**DATA UNDER STUDY:**
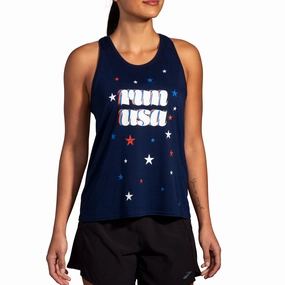 Brooks Women's Distance Tank 3.0 Run USA 24 single crewed Stay Easy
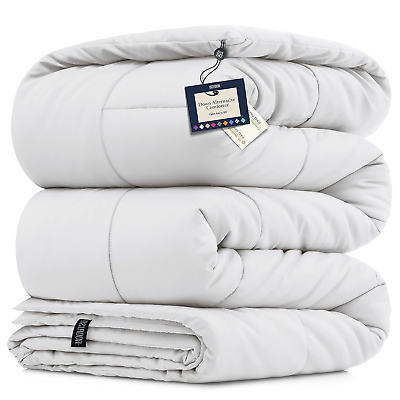 #ad BELADOR White Comforter Duvet Insert Twin Size Bed Comforter All Season Down Al $22.95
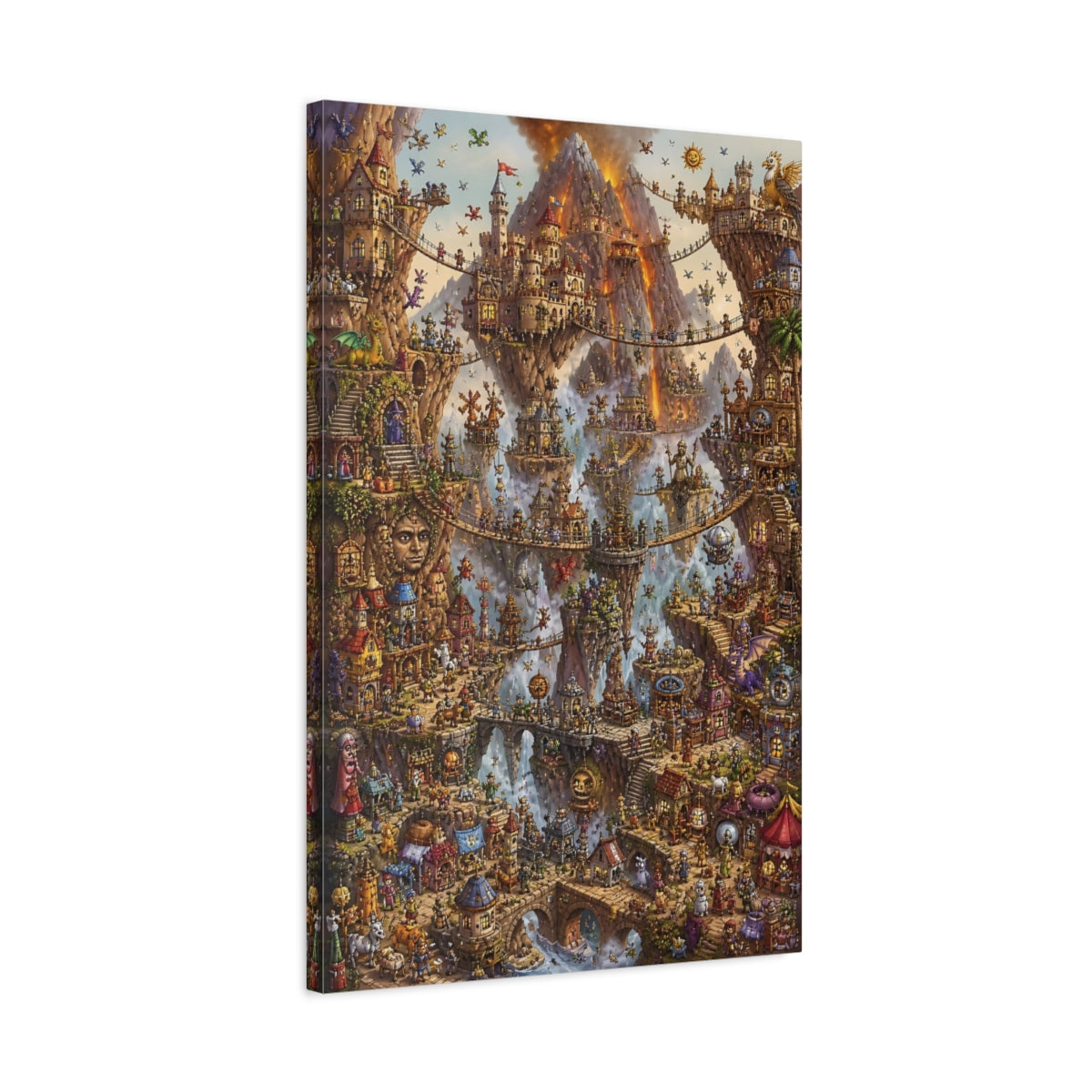 Side Mockup 2. Enchanted Floating City shown as canvas print
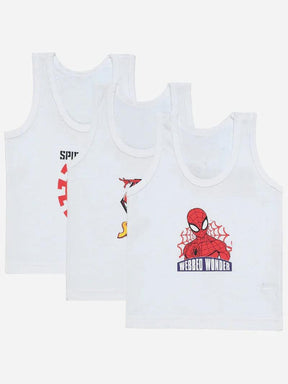 Set of three white kids' sleeveless vests with colorful superhero graphic prints on front.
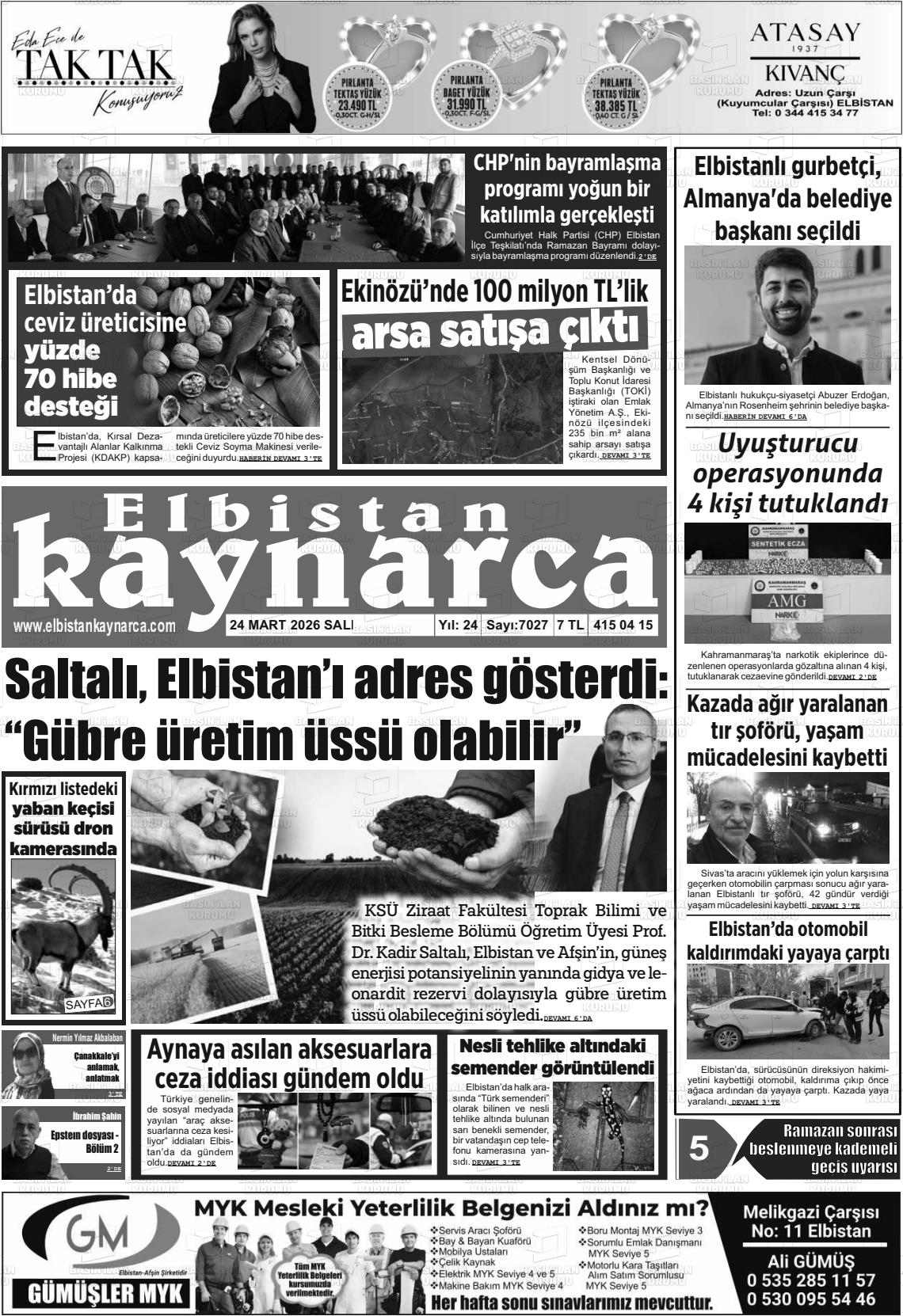 Kahramanmaras Elbistankaynarca 24.03.2026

**EXERCISE DIRECTIONS:** Everything in the listing except the pictures must come back exactly as written.

**RESULT FOR THIS EXERCISE:**
 Brooks Women's Distance Tank 3.0 Run USA 24 single crewed Stay Easy
 #ad BELADOR White Comforter Duvet Insert Twin Size Bed Comforter All Season Down Al $22.95
 Side Mockup 2. Enchanted Floating City shown as canvas print
 Set of three white kids' sleeveless vests with colorful superhero graphic prints on front.
 Kahramanmaras Elbistankaynarca 24.03.2026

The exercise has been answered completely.